もう一つの物語の世界へ入っていく『あいたくてききたくて旅に出る』

小野和子『あいたくてききたくて旅に出る』を読んだ。

発行しているPUMPQUAKESというのは聞かない名前だと思ったら、本書が刊行第一作であるという。

本書には、宮城県を中心に東北の民話を尋ね歩いてきた「民話採訪者」小野和子氏が、民話とその「採訪」にまつわるこもごもが収められている。いずれも70年代から80年代にかけての時期のエピソードである。

本書を読んでいると、この時期に東北の民話を聞いてまわる人がいたということが今となっては奇跡のような巡りあわせであったのだと思えてならなかった。

民話は子どものもの、というだけではない

民話には「子どもに読んで聞かせるもの」というイメージがあった。たぶん、その認識は広く共有されているものと思う。

形にならないものであるし、子どものものであるから、民俗学のなかでも昔話や民話の研究というのは進んでいない。

しかし、たとえ、民話が子どもに読み聞かせるものであったとしても、民話は子どもだけのものではない。

語っているのは、かつて民話を語り聞かされた子どもだったのだ。
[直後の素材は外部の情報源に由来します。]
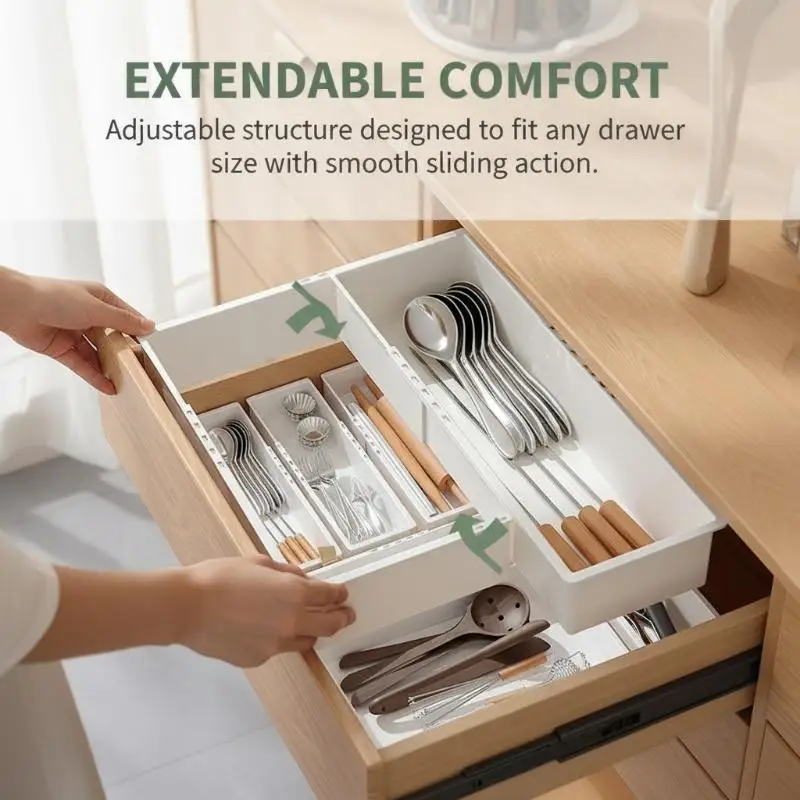 Universal Extendable Drawer Organizer Durable Plastic Multi-Size Desk Drawer Organizer For Makeup Cosmetic Bedroom Dressers Tool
そこには語り手の人生や状況が抜きがたく反映されている。

民話は昔話だけではない

意外だったのは、民話といっても必ずしも「昔々」からはじまる時代劇ばかりではないということだ。

75年前の戦争の戦争や北朝鮮の拉致、「このあいだの団体旅行」でさえ民話として語られうる。
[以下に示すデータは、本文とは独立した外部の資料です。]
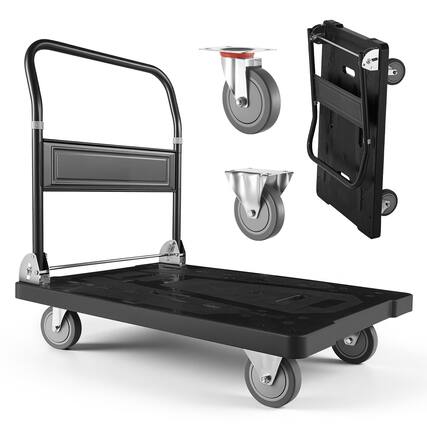 Front. VEVOR - Foldable Push Cart Dolly, 1000 lbs Capacity, Folding Platform Truck with Swivel Wheels, Moving Platform Hand Truck - Black.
貧困、東北という土地への差別と抵抗の歴史、女性差別、職業差別、そして、戦争。

民話が無形であり、口から口へと語り語られてきたものであるからこそ、伝えられてきたものがある。

もちろん、伝えられてこなかったものもある。

本書の中には、あまりにも苦労をしすぎて一言も話さなくなった老婆が出てくる。

語られていないものの向こう側に何があったのか。

豊かさ、と一言では表せない。そこにあるものの重たさに、読者としてでさえ打ちのめされる。

民話の世界にテレビがやってきた。

本書からは民話は子どものもの、だけではない、ということを教えられたが、同時に、民話と子どもの距離が離れているということも教えられた。

いまや民話をめぐる状況はかなり深刻だ。

本書の中でも度々「テレビがきてから、昔ばなしはぶん投げてしめぇすた」「いまは、おらの孫だって聞かねえよ。テレビの方がいいってよ」などと語られる。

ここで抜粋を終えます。